This, my friends, is the raw and poetic thing we call LIFE, and luckily, yoga is here to help. But yoga is NOT a soothing gel that temporarily brings comfort. The yoga I study promises to permenantly remove ignorance and suffering; it promises both spiritual liberation and the total enjoyment of our material life. So, while we inevitably go through these devastating chapters, what does yoga have to teach us that forever shifts how we approach our lives? This blog series is about
how to find your footing in the thick of the pain and suffering.
The practices that most resemble modern day yoga began during the Shramana movement around 600 BCE. The Shramana’s were a collection of people (seekers) faced with seemingly meaningless social obligations and politics, and a near constant onslaught of fear and death. They were forced to make a living for themselves in a stratified urban society where there were marginalized people, and the “haves” and the “have-nots.” They sought to reject man-made constructs and find the true meaning of life (1, 2).
I imagine those people lived with panic attacks, too. I imagine some people got ahead while others didn’t, and that felt like shit. I imagine that people lost people they loved, or were betrayed by people they love, because
even a few thousand years ago people were still people.
What we are challenged to do, as modern day yoga practitioners, is see if the yoga philosophy we study holds itself up, despite social and cultural norms, trauma, and the painful experiences in our lives. Lucky for us, many yoga teachings were birthed out of times of conflict and questions like: Why is life so hard? What’s the point of all this?
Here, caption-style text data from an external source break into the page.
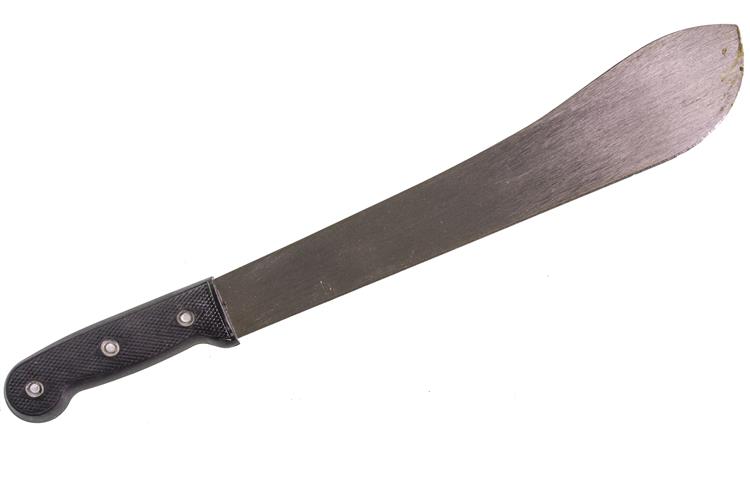  Machete Bolo Impugnatura Nera 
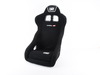 OMP OMP TRS-E: Tubular Racing Seat | Black HA/741E View 1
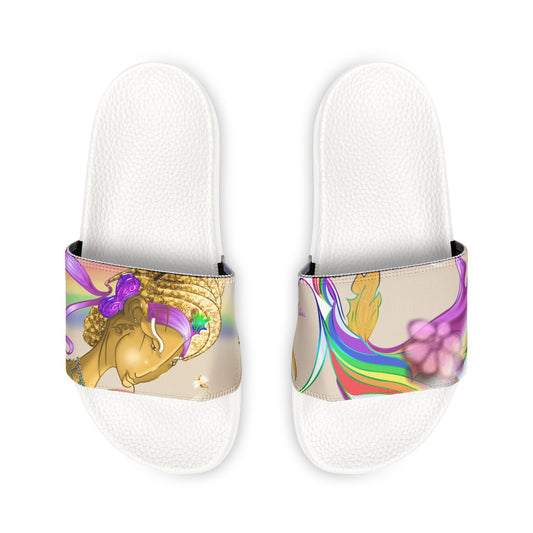 (055.1) Women's Slide Sandals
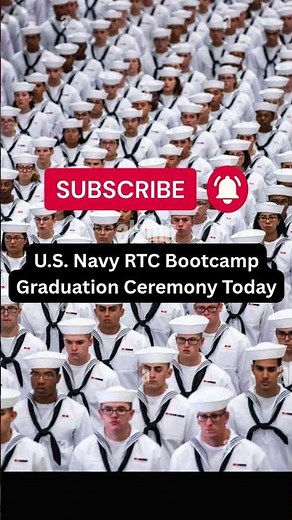 Live!! U S Navy RTC Bootcamp Graduation Ceremony Today Live
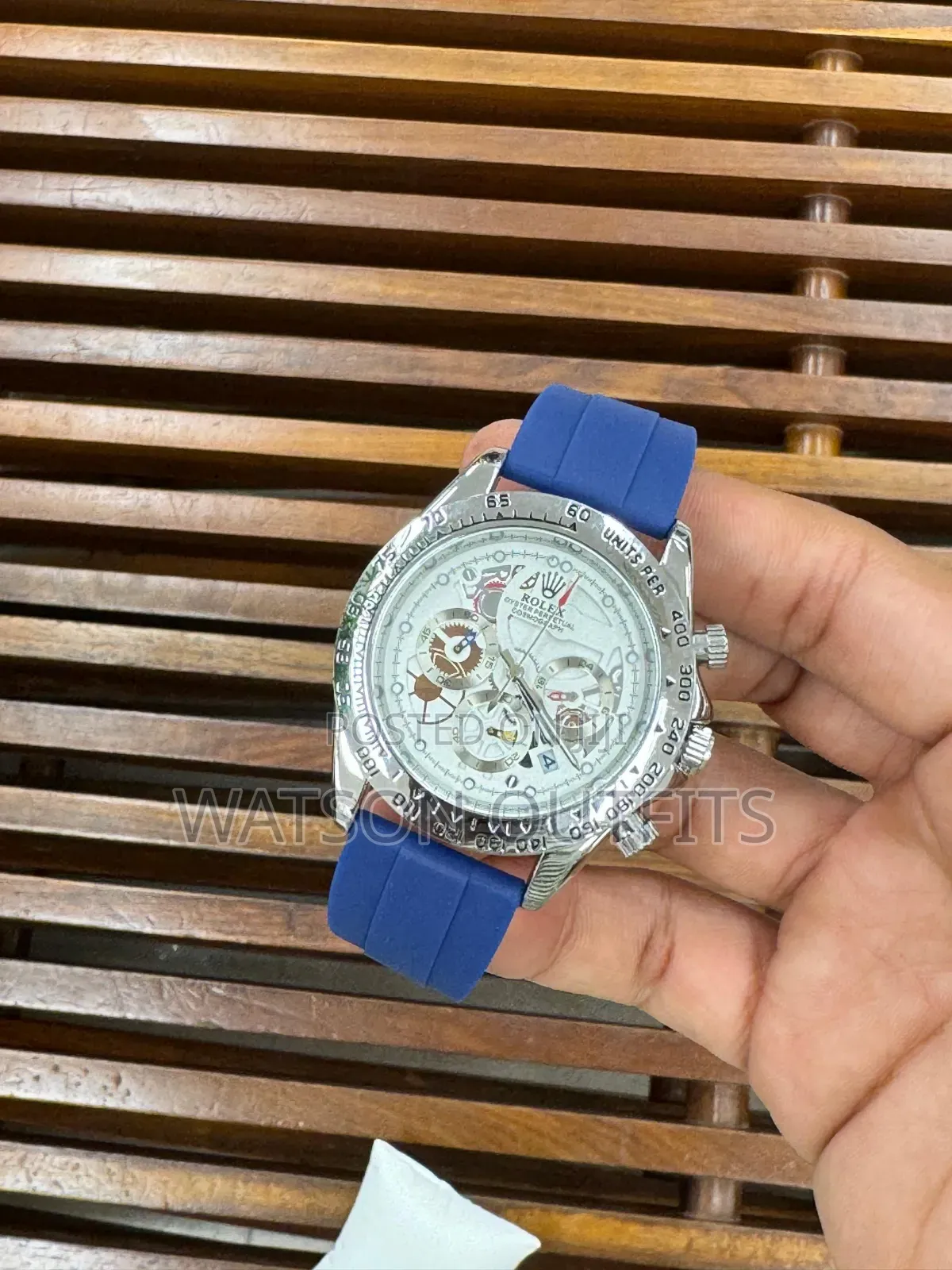 Men's and Women's New and Original Watches Silicon Straps Rolex Brand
The Bhagavad Gita, one of yoga’s most studied texts, is a story about brothers going to war with each other over greed, spite, and betrayal. There are feelings of grief, hopelessness, and frustration. The bulk of the story is a conversation with an enlightened being about what to do when faced with choices that have no possible happy ending. What we learn, among many other things in this text, is that being passive can, at times, be just as counter-productive as being proactive (3). The divine tells the warrior:
He who sees inaction in action and action in inaction is wise among people.
The yoga teachings were made for these moments of conflict, and if we use conflict as a portal to awareness, we can learn the most about reality, liberation, and our true essence nature. We can maybe, just maybe, permenantly remove ignorance and suffering. We can weather storms and emerge more loving and compassionate than ever.
I look back at this chapter in my life with gratefulness now. With time and reflection, I realized that the universe was conspiring for my awakening, and I was in the heat of the storm. All of my weakness and shadows were on the cusp of being revealed and shattered, and in the following weeks, I’m sharing a series of blog posts explore the three main yoga teachings that helped me move through the hurt:
We co-create our reality
We are already whole, complete, and perfect
Ignorance is the core of our suffering
Before I leave you today, still possibly brooding and hurting, Here are some questions to ponder as you wade into healing: what actions (or inactions) are you taking? In your heart-mind? In your body? In your energetic field? What discerns a “right” action from a “wrong” action?
Journal about it. Post about it. Tag us (@thecraft.love), and let us know your reflections. Or don’t. How you heal is your journey and no one else’s.
Be kind to yourselves, loves, and I’ll see you next week.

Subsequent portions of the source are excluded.